(INSTRUCTIONS TO FOLLOW) Transcribe the data exactly, pictures excluded.

(DATA BELOW)

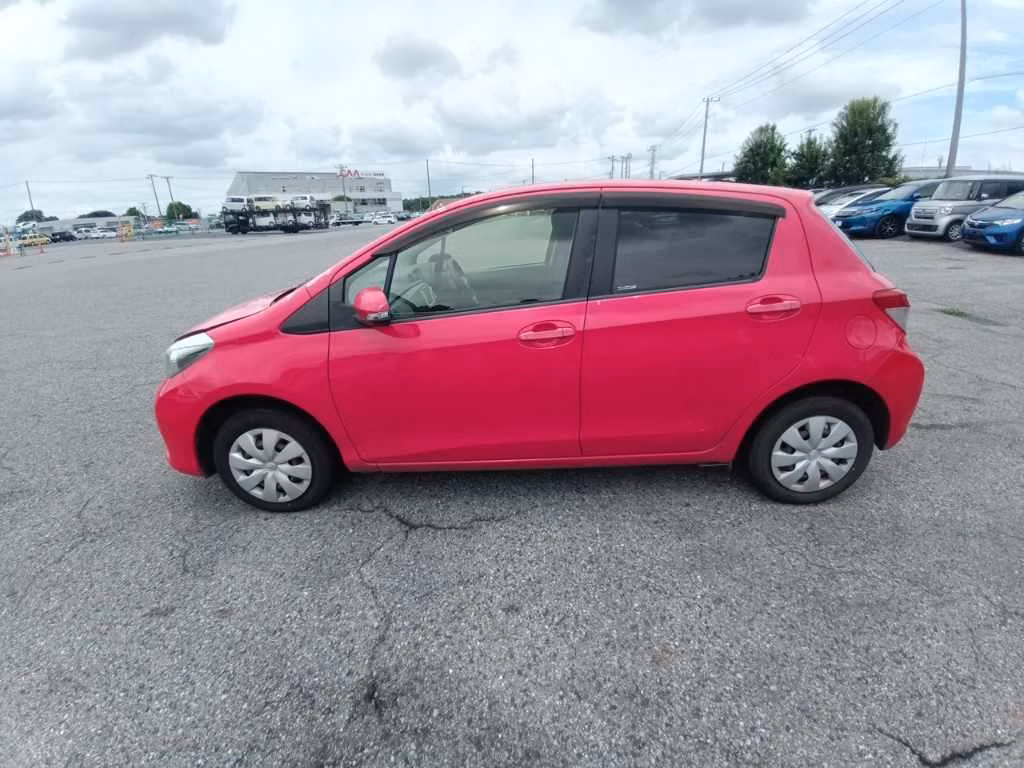 TOYOTA VITZ
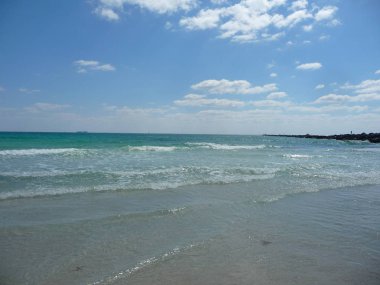 Sakin dalgalar ile muhteşem okyanus manzarası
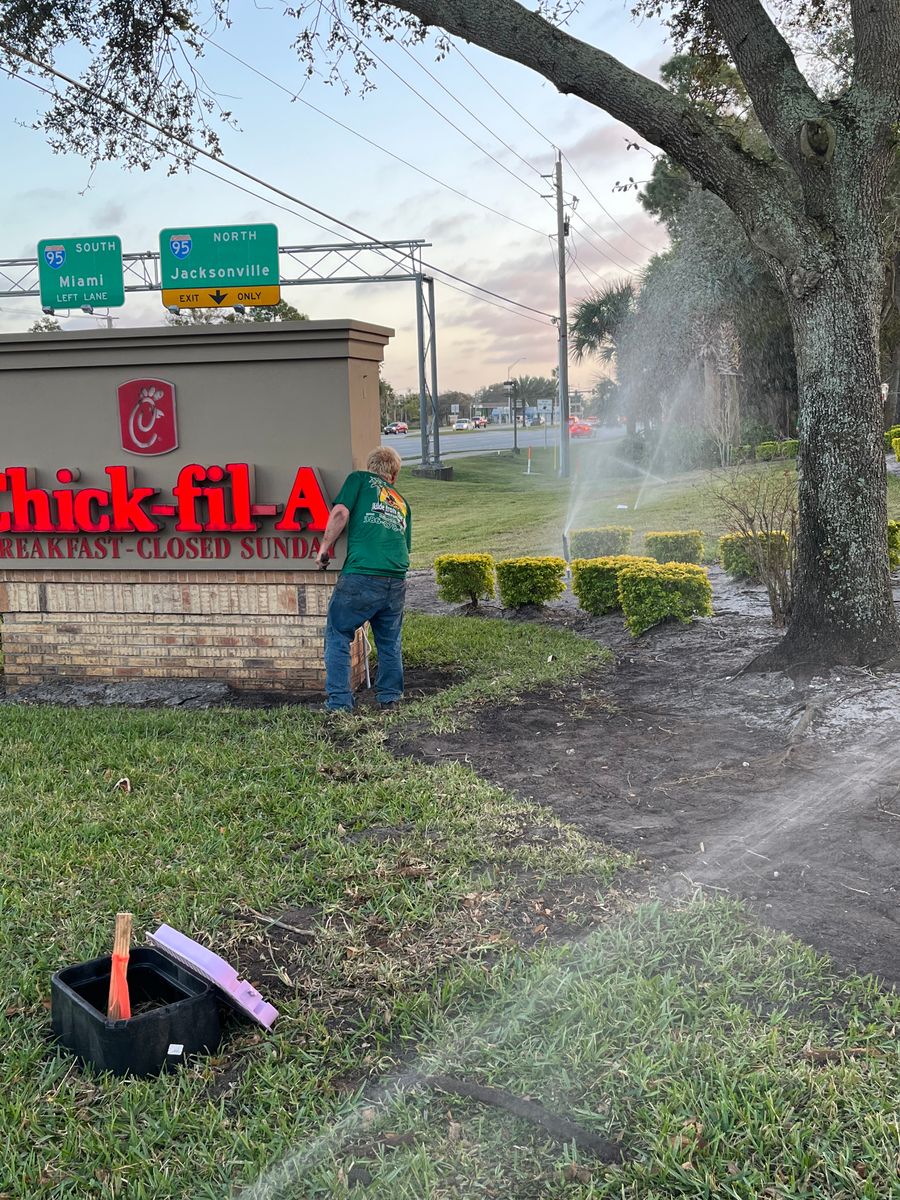 Lawn maintenance for Aside from the Rest in Port Orange, FL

(WRITTEN ANSWER)
 TOYOTA VITZ
 Sakin dalgalar ile muhteşem okyanus manzarası
 Lawn maintenance for Aside from the Rest in Port Orange, FL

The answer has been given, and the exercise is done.